The paper has also refused to publish any of what the Guild believes to be at least 50 letters to editor submitted in support of Local 38218. And when contract negotiations began last summer, among management's demands was an "anti-disparagement" clause to bar workers from speaking out about the paper among themselves or to anyone else.

"We're in the business of free speech," reporter and negotiating team member Lauri Lebo said. "They tried to restrict our speech and now they're restricting the public's speech and I find that terribly frightening."

The local represents 55 workers in the Daily Record's newsroom. Their last contract expired Sept. 30, at which point the company had already hired the notorious union-busting law firm King & Ballow.

Lebo said union negotiators have barely addressed core issues of wages and benefits as the company has tied them up with demands for harsh management rights provisions, subcontracting and work hour issues that would avoid overtime and give employees no say over their schedules. The demands are so extreme that Lebo said a reporter could wind up working 15 hours one day and be told to come in for one hour the next.

IN BRIEF:

  • CWA President Larry Cohen joined striking members of the UAW-Graduate Student Organizing Committee/UAW Local 2110 and hundreds of union, faculty and community supporters at a Jan. 26 rally at New York University.

    The strike by graduate teaching and research assistants is moving into its second semester. The plan "is to stay out on strike as long as it takes to bring NYU to the bargaining table," said Michael Palm, NYU unit chair.

    Some 1,000 graduate student employees walked off the job Nov. 9 to protest NYU's refusal to bargaining a second contract. In August, the school announced it would no longer recognize the union, citing an NLRB decision that abolished labor law protections for graduate student employees. Nothing in that ruling prohibits NYU and other universities from voluntarily recognizing the union.

    More information is available at www.2110uaw.org/gsoc/.

     
  • As part of their "Leave All Blades Behind" campaign, hundreds of flight attendants represented by AFA-CWA will rally and hand out leaflets on Monday, Jan. 30, at airports across the country.

    Flight attendants are concerned about recent changes in Transportation Security Administration policies that now allow passengers to carry small but sharp items, including knives, aboard aircraft.

    "AFA members are overwhelmingly opposed to this change," AFA-CWA President Patricia Friend said. "Let's not forget, terrorists hijacked planes on 9-11 using household items like those that TSA has chosen to allow back onboard."

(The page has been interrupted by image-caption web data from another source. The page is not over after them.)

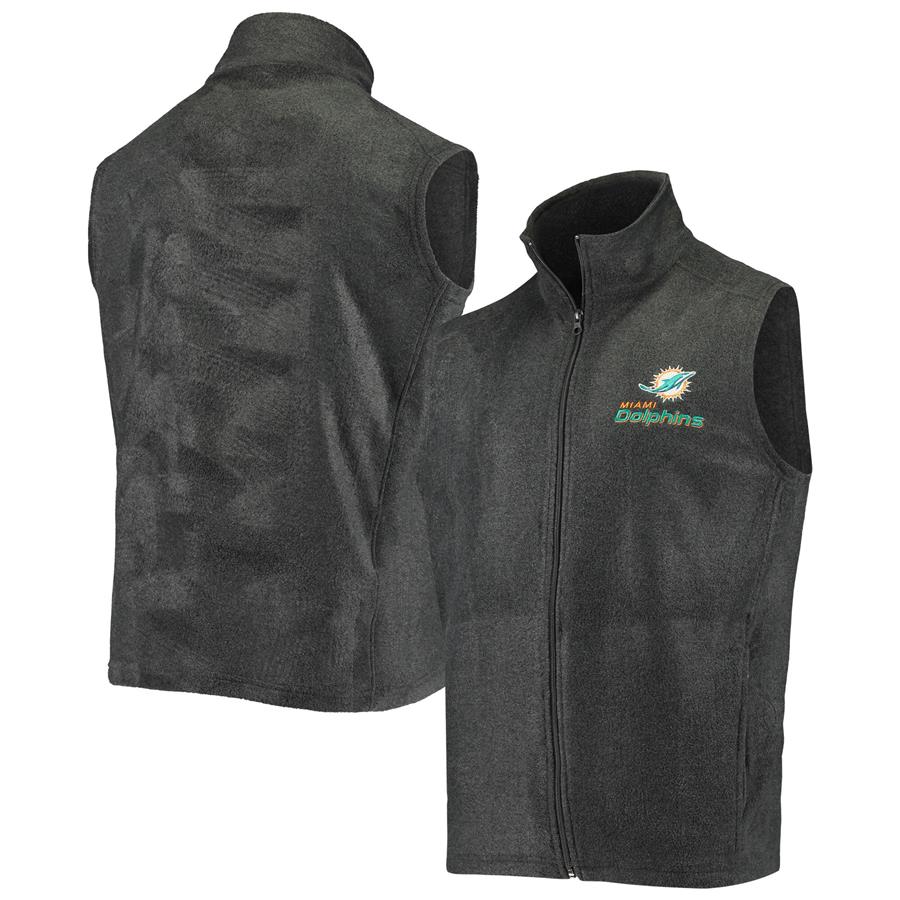 Miami Dolphins Houston Fleece Full-Zip Vest - Gray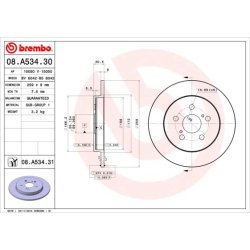 Brake Disc BREMBO 08.A534.31 OE Ref 4243102110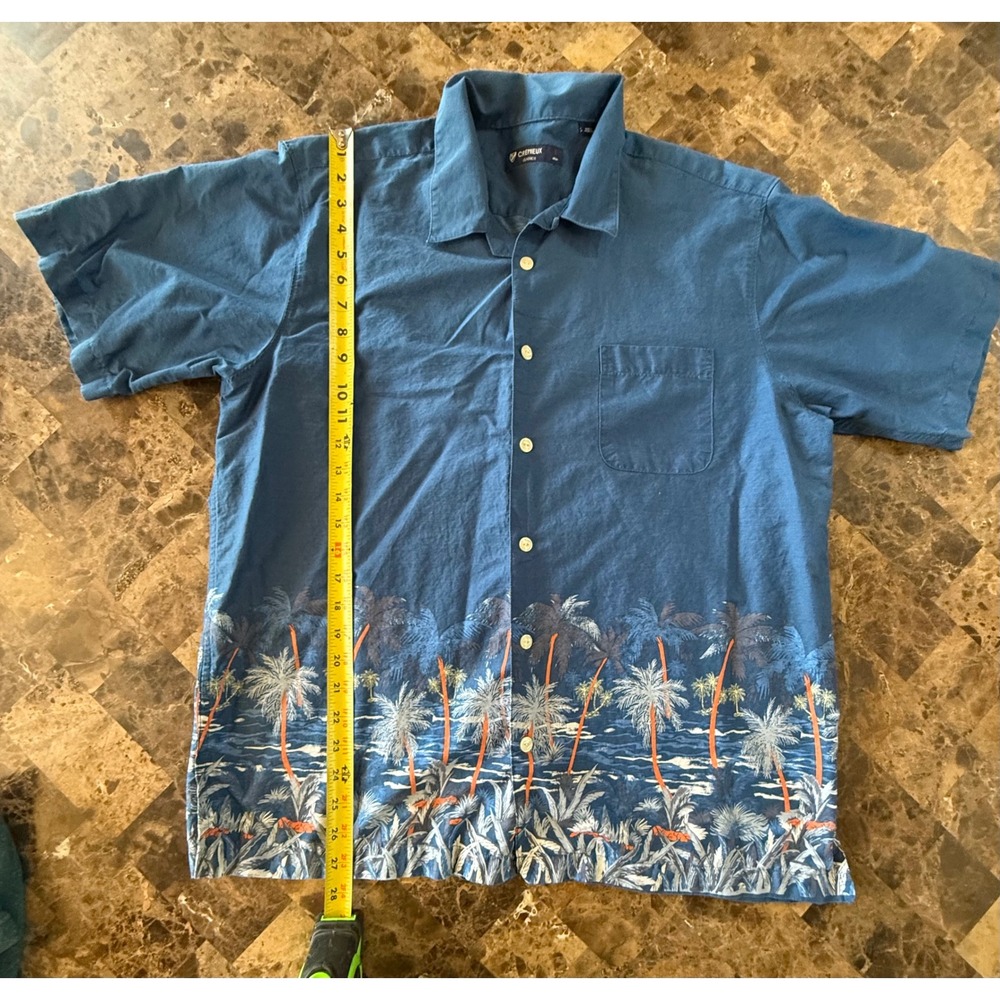 Cremieux Classics Mens Large Blue Cotton Palm Tree Tropical Button Down Shirt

    Friend said the activities Monday will put further pressure on the TSA, which so far has ignored the union and its supporters in Congress. Friend has testified before Congressional committees and said members of both parties have approached the TSA as a result, but the agency has refused to budge.

     
  • A record number of journalists and media workers were killed in the line of duty in 2005, leading The International Federation of Journalists to call for international action to counter what has largely been impunity for the killers.

    "It is critical that the U.S. government and the world community act to bring the killers of all journalists and media workers to justice," said TNG-CWA President Linda Foley, an IFJ vice president. "The ability of reporters to fully tell their stories is what guarantees freedom of the press for all of us."

    In "Targeting and Tragedy — Journalists and Media Casualties in the Field of Journalism and Newsgathering," the IFJ documented a record toll of 150 killings. Of the dead, 89 were killed in the line of duty, many of them assassinated by killers working for political gangs or criminals. Another 61 were killed on assignment by some kind of disaster, 48 at one time by a plane crash in Tehran.

    The federation is seeking action by the United Nations Security Council and has called on the Secretary General of the United Nations to press governments to act on the report's grim findings. "Impunity in the killing of journalists remains the intolerable scandal of our times that can no longer be ignored by the international community," IFJ General Secretary Aidan White said.